When the Senate's amnesty bill met its inglorious end on June 28, the American people dodged a bullet. With amnesty legislation now off the table, it is time to get serious about border control and enforcement of our nation's immigration laws. Maybe we can learn something from the way President Eisenhower handled the same problem in 1953, when he moved into the White House.


Eisenhower was faced with a porous border that saw a million illegal aliens apprehended in 1951, and the total number of illegal aliens in the country was estimated to be above 3 million.


The "Bracero" program brought legal agricultural workers to the Southwest from Mexico beginning in 1942, when the region faced a genuine labor shortage due to World War II. But by 1953, the program had deteriorated into a corrupt system for importing cheap labor for Texas and California employers. The contract laborers had by then discovered that they could leave the farms and make equal or better wages in Los Angeles, Dallas and Phoenix. Sound familiar? The sheep ranchers of Colorado and Wyoming make the same complaint about the contract sheep herders they bring from Peru and Portugal.


In 1950, President Truman's Commission on Migratory Labor in Texas reported that cotton growers in Texas' Rio Grande Valley paid wages that were about half the farm wages paid elsewhere in the state. But when immigration agents rounded up illegal workers in the region, employers complained and pulled strings to end the roundups. Again, this sounds all too familiar.


Eisenhower inherited the mess and decided to act. He told his attorney general, who supervised the Immigration and Naturalization Service (INS) and the Border Patrol, that he wanted the Bracero program ended and the border secured. In 1954, Eisenhower appointed a West Point classmate, "Jumping Joe" Swing, as head of the INS. One of Commissioner Swing's first acts was to transfer a number of old-time Border Patrol managers out of the border areas to disrupt the cozy relationships with local employers and politicians.


During a two-month period, June and July of 1954, a force of less than 800 INS agents rounded up and repatriated more than 50,000 illegal aliens in California and Arizona. The agency estimated at the time that more than 400,000 fled back to Mexico in fear of deportation. From July to the end of September, more than 80,000 were arrested in Texas and more than 500,000 left Texas voluntarily by the end of the year. Today, the bureaucrats call that "self-deportation," but I prefer to call it returning home. In fact, going home might be considerably easier today for the millions of illegal aliens have Bank of America credit cards.

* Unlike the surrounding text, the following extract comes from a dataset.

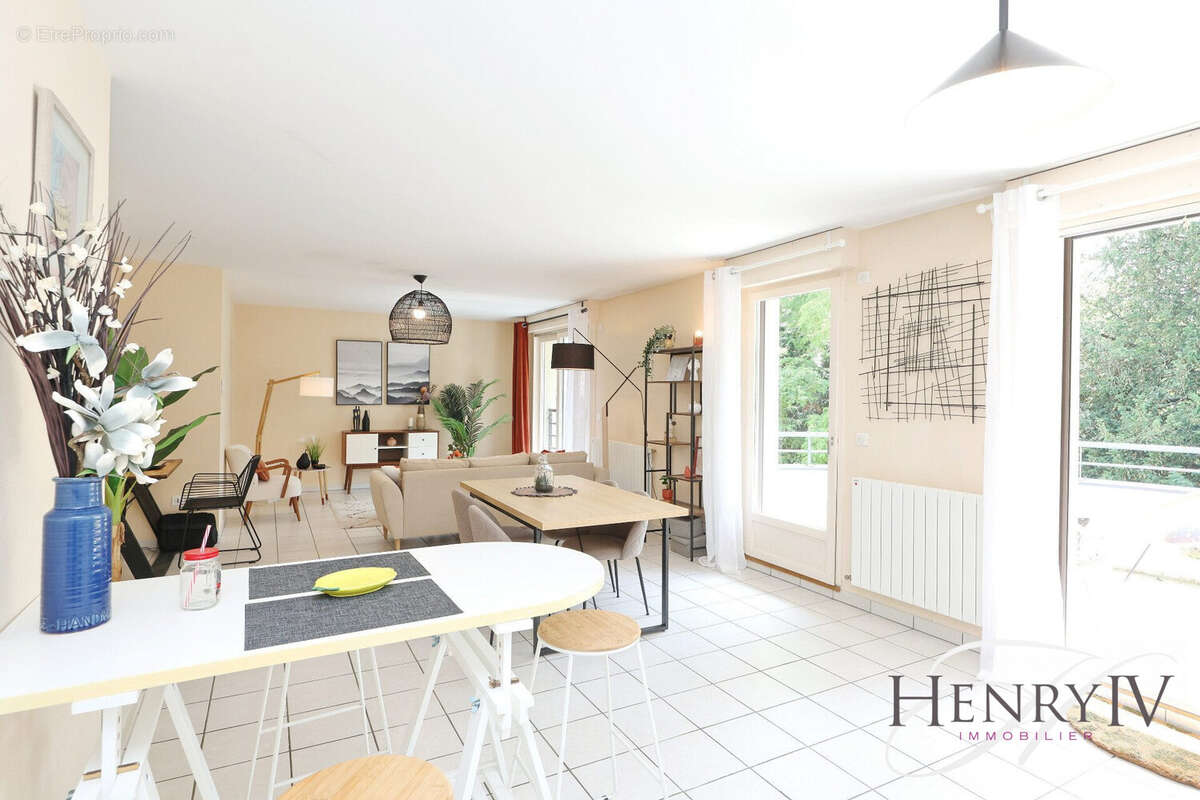 Appartement à SAINT-NAZAIRE-LES-EYMES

Unquestionably, mass roundups and removals would be far more difficult politically in 2007 than they were in 1954. We now have 15 million or more illegal aliens instead of only 3 million and they occupy jobs in many sectors of the economy besides agriculture. The INS and Border Patrol sweeps under Eisenhower were confined largely to the four Southwest border states, whereas today the problem has spread across the nation. Yet, however effective roundups of illegal aliens at worksites may be, that is not the only way to encourage illegal aliens to return home.


The real lesson we need to take from the Eisenhower era is not the specific methods employed in the 1954 mass roundups but the resolve to tackle the problem head on.